Existem vários jeitos de se contar uma história, e David Simon e George Pelecanos escolheram o caminho mais longo e satisfatório. Quando se ouve “nova série da HBO irá retratar o surgimento da indústria pornográfica” a primeira imagem que se vem à mente é de muita nudez e sexo, já que, bom, estamos falando da HBO. Mas em seus excelentes oito episódios, The Deuce mostra que o olhar de Simon para o todo está tão afiado quanto na época de The Wire, onde falou sobre tráfico de drogas. Dessa vez, auxiliado pelo seu antigo parceiro de roteiro George Pelecanos, nos entrega uma série tão bem escrita e bem resolvida que se não fosse pelo inacreditável Twin Peaks, sairia de 2017 como a melhor obra da televisão. Tudo isso graças a HBO, sua antiga casa a qual sempre foi fiel, que ainda permite que esse tipo de série seja feita.

Mas para David Simon, contar uma história significa contar várias ao mesmo tempo, e por isso, The Deuce caminha no total oposto ao que vemos em relação a televisão pop. Ele não se preocupa em criar twists ou sacadas dignas de GIFs de em redes sociais, aqui ele investe seu tempo em personagens que de uma forma ou de outra, estão presos no mesmo universo e que em algum momento terão seus caminhos cruzados. Portanto, assim como aconteceu em The Wire e Treme, The Deuce abre mão de um “protagonista” e coloca as ruas de Nova York como o elemento fundamental da trama.

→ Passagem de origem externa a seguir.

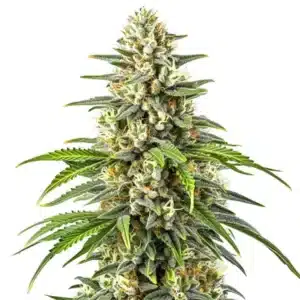 Orange Kush: hustý pryskyřičnatý květ konopí s kompaktní centrální palicí.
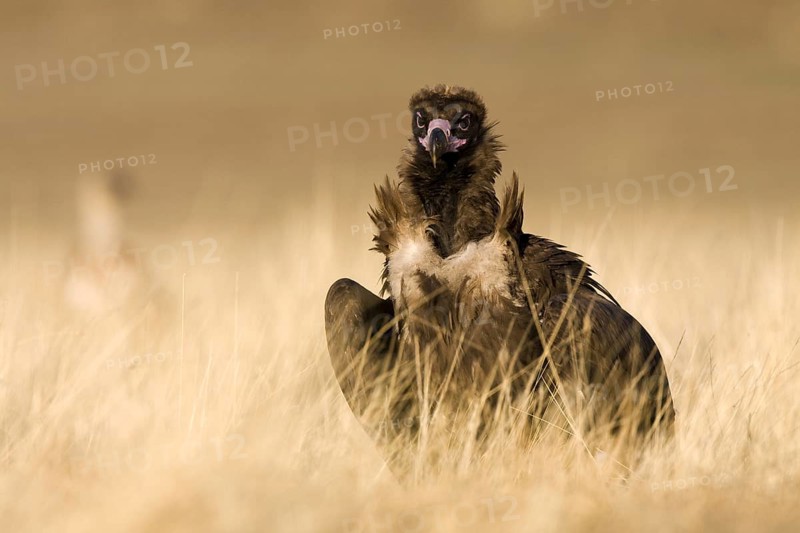 Cinereous Vulture (Aegypius monachus), Castile-La Mancha, Spain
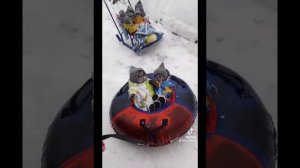 ||?басики из тт?||?•часть 4•?❄️НОВОГОДНИЙ ВЫПУСК ❄️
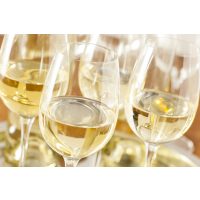 Weinseminar Wien – italienischer Weißwein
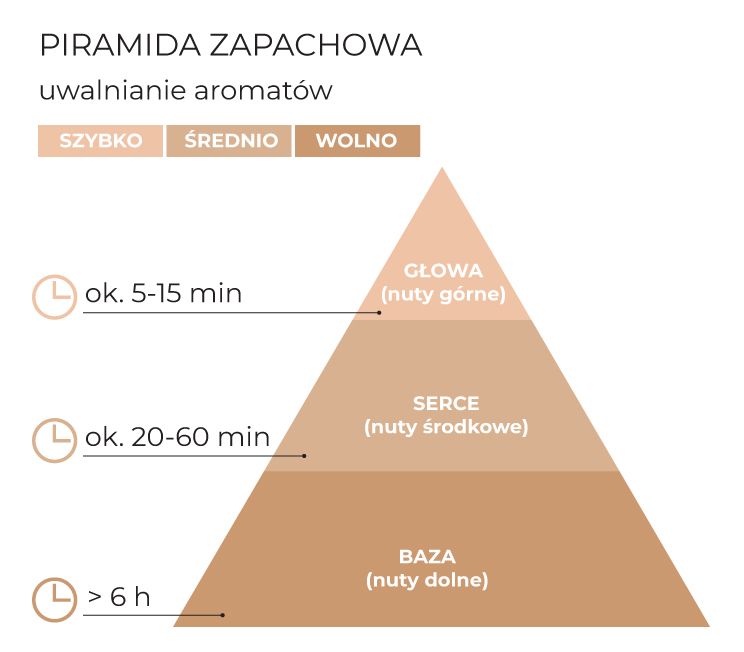 Piramida_zapachowa_Goods_SPA_schematPL.jpg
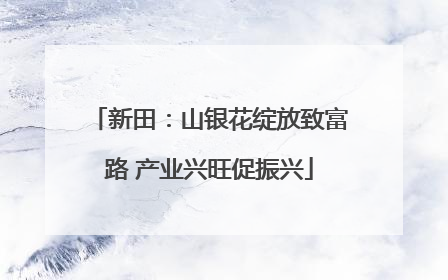 新田：山银花绽放致富路 产业兴旺促振兴
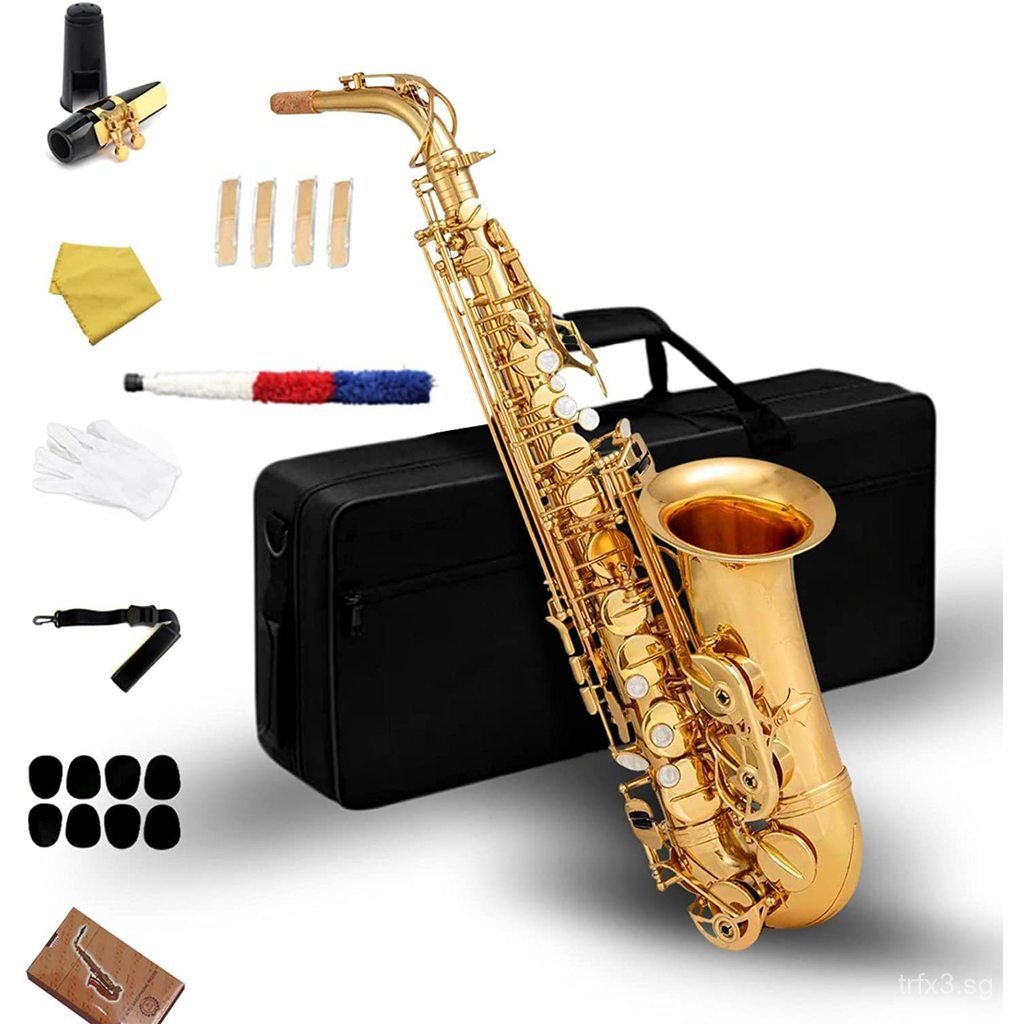 Pin Electrophoresis Gold Drop E Complete set of alto saxophone ...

Nós nos dedicamos a série porque precisamos saber até onde vai cada um desses personagens.

“Deuce”: apelido dado a Rua 42 da Times Square.

O nascimento da indústria pornográfica na década de 70 não aconteceu simplesmente porque alguém teve uma ideia genial de lucrar ainda mais com sexo e a superexposição do corpo feminino. The Deuce traça cada um desses atos (pequenos ou grandes) que levam os EUA a movimenta mais de 15 bilhões de dólares em pornografia anualmente. E como todo negócio bilionário, é uma indústria que deixa marcas e muda vidas (algumas pra melhor, e de muitos pra pior). Esse é o retrato de The Deuce.

Se por um lado temos Candy, personagem de Maggie Gyllenhaal (que consegue uma atuação tão magistral quanto de Elisabeth Moss em The Handmaids Tale), saindo das ruas para viver como produtora e diretora de filmes adultos, do outro temos jovens exploradas e vivendo à margem da sociedade, moralmente destruídas e escravas de outros homens que lucram cada vez que alguém se masturba por elas. E é somente assim que The Deuce pode tratar de temas tão sensíveis e atuais (a misoginia acompanha toda a obra): mostrando todas as partes, ou pelo menos aquelas essenciais.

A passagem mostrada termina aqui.